» Requirement
The records below are to be quoted in full; please keep every word exact.

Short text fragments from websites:
# # #

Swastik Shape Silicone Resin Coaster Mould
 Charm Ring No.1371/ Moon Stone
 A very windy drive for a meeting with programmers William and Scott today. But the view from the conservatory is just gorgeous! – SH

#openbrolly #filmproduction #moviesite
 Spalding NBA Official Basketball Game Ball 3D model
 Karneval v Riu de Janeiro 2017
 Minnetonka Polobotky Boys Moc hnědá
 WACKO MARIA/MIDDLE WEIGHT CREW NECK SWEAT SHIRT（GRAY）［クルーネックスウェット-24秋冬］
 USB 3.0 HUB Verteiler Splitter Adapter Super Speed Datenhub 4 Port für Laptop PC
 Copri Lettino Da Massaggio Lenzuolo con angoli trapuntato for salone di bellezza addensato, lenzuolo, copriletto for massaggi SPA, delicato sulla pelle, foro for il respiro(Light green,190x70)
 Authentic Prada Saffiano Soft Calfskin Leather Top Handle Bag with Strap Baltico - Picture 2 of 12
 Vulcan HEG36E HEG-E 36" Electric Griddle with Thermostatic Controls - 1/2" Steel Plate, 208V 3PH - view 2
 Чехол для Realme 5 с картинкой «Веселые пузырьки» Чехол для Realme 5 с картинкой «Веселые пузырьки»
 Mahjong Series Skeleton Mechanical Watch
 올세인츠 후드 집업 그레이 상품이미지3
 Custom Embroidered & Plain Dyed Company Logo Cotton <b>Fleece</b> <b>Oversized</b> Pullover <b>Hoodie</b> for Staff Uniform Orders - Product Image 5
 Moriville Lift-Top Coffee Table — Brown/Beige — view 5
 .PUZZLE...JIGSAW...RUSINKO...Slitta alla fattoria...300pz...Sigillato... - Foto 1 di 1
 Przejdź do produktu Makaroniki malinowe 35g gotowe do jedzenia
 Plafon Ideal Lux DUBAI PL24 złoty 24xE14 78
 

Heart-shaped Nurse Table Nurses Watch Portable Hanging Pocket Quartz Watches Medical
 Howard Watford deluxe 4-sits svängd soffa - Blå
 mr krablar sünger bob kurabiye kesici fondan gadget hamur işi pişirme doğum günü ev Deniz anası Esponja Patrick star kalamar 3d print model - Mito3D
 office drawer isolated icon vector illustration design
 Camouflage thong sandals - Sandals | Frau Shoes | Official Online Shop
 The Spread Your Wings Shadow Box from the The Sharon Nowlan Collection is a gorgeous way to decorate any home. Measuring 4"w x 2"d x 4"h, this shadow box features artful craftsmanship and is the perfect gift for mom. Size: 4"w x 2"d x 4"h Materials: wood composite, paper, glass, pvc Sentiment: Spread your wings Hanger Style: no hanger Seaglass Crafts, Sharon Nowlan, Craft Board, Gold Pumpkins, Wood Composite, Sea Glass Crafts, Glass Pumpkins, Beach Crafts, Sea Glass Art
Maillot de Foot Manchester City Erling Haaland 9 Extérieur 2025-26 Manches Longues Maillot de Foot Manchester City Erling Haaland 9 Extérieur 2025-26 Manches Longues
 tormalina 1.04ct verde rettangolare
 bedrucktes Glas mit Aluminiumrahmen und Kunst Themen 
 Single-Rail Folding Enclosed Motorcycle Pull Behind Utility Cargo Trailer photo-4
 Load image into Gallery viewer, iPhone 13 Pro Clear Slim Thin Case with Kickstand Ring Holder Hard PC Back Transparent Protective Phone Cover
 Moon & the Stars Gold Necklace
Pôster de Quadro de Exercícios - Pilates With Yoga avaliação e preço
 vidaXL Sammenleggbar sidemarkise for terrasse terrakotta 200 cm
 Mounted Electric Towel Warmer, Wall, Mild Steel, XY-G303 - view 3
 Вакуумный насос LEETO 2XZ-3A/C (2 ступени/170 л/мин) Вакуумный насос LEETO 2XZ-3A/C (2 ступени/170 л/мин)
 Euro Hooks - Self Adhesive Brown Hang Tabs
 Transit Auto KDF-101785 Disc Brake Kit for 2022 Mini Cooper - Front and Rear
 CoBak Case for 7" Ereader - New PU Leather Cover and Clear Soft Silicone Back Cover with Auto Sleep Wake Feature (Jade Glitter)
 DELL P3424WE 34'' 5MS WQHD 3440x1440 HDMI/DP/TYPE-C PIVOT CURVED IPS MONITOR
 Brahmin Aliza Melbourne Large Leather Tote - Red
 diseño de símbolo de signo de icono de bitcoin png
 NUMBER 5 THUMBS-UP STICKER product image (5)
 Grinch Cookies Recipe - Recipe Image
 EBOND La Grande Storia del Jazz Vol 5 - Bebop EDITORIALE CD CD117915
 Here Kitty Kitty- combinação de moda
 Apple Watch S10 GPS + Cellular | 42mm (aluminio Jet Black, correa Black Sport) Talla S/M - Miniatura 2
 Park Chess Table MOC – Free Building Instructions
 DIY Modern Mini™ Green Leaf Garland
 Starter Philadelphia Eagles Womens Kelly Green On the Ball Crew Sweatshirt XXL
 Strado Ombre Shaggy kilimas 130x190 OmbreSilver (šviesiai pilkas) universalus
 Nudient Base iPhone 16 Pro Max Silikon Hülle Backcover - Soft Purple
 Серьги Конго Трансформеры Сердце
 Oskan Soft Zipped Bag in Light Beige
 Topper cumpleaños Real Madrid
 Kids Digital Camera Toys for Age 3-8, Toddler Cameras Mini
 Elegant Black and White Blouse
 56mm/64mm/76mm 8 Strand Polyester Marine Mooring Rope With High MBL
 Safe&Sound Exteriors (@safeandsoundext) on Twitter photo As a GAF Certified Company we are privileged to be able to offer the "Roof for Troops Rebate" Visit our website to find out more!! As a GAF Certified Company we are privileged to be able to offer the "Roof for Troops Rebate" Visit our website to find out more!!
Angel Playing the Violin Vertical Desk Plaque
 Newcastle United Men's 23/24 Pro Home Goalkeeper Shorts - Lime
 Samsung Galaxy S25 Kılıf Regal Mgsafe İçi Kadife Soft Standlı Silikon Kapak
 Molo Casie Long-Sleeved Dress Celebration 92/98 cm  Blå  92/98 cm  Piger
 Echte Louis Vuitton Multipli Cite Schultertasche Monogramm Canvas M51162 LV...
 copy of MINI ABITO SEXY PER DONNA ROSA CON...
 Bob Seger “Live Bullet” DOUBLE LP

# # #

» Answer space
Swastik Shape Silicone Resin Coaster Mould
 Charm Ring No.1371/ Moon Stone
 A very windy drive for a meeting with programmers William and Scott today. But the view from the conservatory is just gorgeous! – SH

#openbrolly #filmproduction #moviesite
 Spalding NBA Official Basketball Game Ball 3D model
 Karneval v Riu de Janeiro 2017
 Minnetonka Polobotky Boys Moc hnědá
 WACKO MARIA/MIDDLE WEIGHT CREW NECK SWEAT SHIRT（GRAY）［クルーネックスウェット-24秋冬］
 USB 3.0 HUB Verteiler Splitter Adapter Super Speed Datenhub 4 Port für Laptop PC
 Copri Lettino Da Massaggio Lenzuolo con angoli trapuntato for salone di bellezza addensato, lenzuolo, copriletto for massaggi SPA, delicato sulla pelle, foro for il respiro(Light green,190x70)
 Authentic Prada Saffiano Soft Calfskin Leather Top Handle Bag with Strap Baltico - Picture 2 of 12
 Vulcan HEG36E HEG-E 36" Electric Griddle with Thermostatic Controls - 1/2" Steel Plate, 208V 3PH - view 2
 Чехол для Realme 5 с картинкой «Веселые пузырьки» Чехол для Realme 5 с картинкой «Веселые пузырьки»
 Mahjong Series Skeleton Mechanical Watch
 올세인츠 후드 집업 그레이 상품이미지3
 Custom Embroidered & Plain Dyed Company Logo Cotton <b>Fleece</b> <b>Oversized</b> Pullover <b>Hoodie</b> for Staff Uniform Orders - Product Image 5
 Moriville Lift-Top Coffee Table — Brown/Beige — view 5
 .PUZZLE...JIGSAW...RUSINKO...Slitta alla fattoria...300pz...Sigillato... - Foto 1 di 1
 Przejdź do produktu Makaroniki malinowe 35g gotowe do jedzenia
 Plafon Ideal Lux DUBAI PL24 złoty 24xE14 78
 

Heart-shaped Nurse Table Nurses Watch Portable Hanging Pocket Quartz Watches Medical
 Howard Watford deluxe 4-sits svängd soffa - Blå
 mr krablar sünger bob kurabiye kesici fondan gadget hamur işi pişirme doğum günü ev Deniz anası Esponja Patrick star kalamar 3d print model - Mito3D
 office drawer isolated icon vector illustration design
 Camouflage thong sandals - Sandals | Frau Shoes | Official Online Shop
 The Spread Your Wings Shadow Box from the The Sharon Nowlan Collection is a gorgeous way to decorate any home. Measuring 4"w x 2"d x 4"h, this shadow box features artful craftsmanship and is the perfect gift for mom. Size: 4"w x 2"d x 4"h Materials: wood composite, paper, glass, pvc Sentiment: Spread your wings Hanger Style: no hanger Seaglass Crafts, Sharon Nowlan, Craft Board, Gold Pumpkins, Wood Composite, Sea Glass Crafts, Glass Pumpkins, Beach Crafts, Sea Glass Art
Maillot de Foot Manchester City Erling Haaland 9 Extérieur 2025-26 Manches Longues Maillot de Foot Manchester City Erling Haaland 9 Extérieur 2025-26 Manches Longues
 tormalina 1.04ct verde rettangolare
 bedrucktes Glas mit Aluminiumrahmen und Kunst Themen 
 Single-Rail Folding Enclosed Motorcycle Pull Behind Utility Cargo Trailer photo-4
 Load image into Gallery viewer, iPhone 13 Pro Clear Slim Thin Case with Kickstand Ring Holder Hard PC Back Transparent Protective Phone Cover
 Moon & the Stars Gold Necklace
Pôster de Quadro de Exercícios - Pilates With Yoga avaliação e preço
 vidaXL Sammenleggbar sidemarkise for terrasse terrakotta 200 cm
 Mounted Electric Towel Warmer, Wall, Mild Steel, XY-G303 - view 3
 Вакуумный насос LEETO 2XZ-3A/C (2 ступени/170 л/мин) Вакуумный насос LEETO 2XZ-3A/C (2 ступени/170 л/мин)
 Euro Hooks - Self Adhesive Brown Hang Tabs
 Transit Auto KDF-101785 Disc Brake Kit for 2022 Mini Cooper - Front and Rear
 CoBak Case for 7" Ereader - New PU Leather Cover and Clear Soft Silicone Back Cover with Auto Sleep Wake Feature (Jade Glitter)
 DELL P3424WE 34'' 5MS WQHD 3440x1440 HDMI/DP/TYPE-C PIVOT CURVED IPS MONITOR
 Brahmin Aliza Melbourne Large Leather Tote - Red
 diseño de símbolo de signo de icono de bitcoin png
 NUMBER 5 THUMBS-UP STICKER product image (5)
 Grinch Cookies Recipe - Recipe Image
 EBOND La Grande Storia del Jazz Vol 5 - Bebop EDITORIALE CD CD117915
 Here Kitty Kitty- combinação de moda
 Apple Watch S10 GPS + Cellular | 42mm (aluminio Jet Black, correa Black Sport) Talla S/M - Miniatura 2
 Park Chess Table MOC – Free Building Instructions
 DIY Modern Mini™ Green Leaf Garland
 Starter Philadelphia Eagles Womens Kelly Green On the Ball Crew Sweatshirt XXL
 Strado Ombre Shaggy kilimas 130x190 OmbreSilver (šviesiai pilkas) universalus
 Nudient Base iPhone 16 Pro Max Silikon Hülle Backcover - Soft Purple
 Серьги Конго Трансформеры Сердце
 Oskan Soft Zipped Bag in Light Beige
 Topper cumpleaños Real Madrid
 Kids Digital Camera Toys for Age 3-8, Toddler Cameras Mini
 Elegant Black and White Blouse
 56mm/64mm/76mm 8 Strand Polyester Marine Mooring Rope With High MBL
 Safe&Sound Exteriors (@safeandsoundext) on Twitter photo As a GAF Certified Company we are privileged to be able to offer the "Roof for Troops Rebate" Visit our website to find out more!! As a GAF Certified Company we are privileged to be able to offer the "Roof for Troops Rebate" Visit our website to find out more!!
Angel Playing the Violin Vertical Desk Plaque
 Newcastle United Men's 23/24 Pro Home Goalkeeper Shorts - Lime
 Samsung Galaxy S25 Kılıf Regal Mgsafe İçi Kadife Soft Standlı Silikon Kapak
 Molo Casie Long-Sleeved Dress Celebration 92/98 cm  Blå  92/98 cm  Piger
 Echte Louis Vuitton Multipli Cite Schultertasche Monogramm Canvas M51162 LV...
 copy of MINI ABITO SEXY PER DONNA ROSA CON...
 Bob Seger “Live Bullet” DOUBLE LP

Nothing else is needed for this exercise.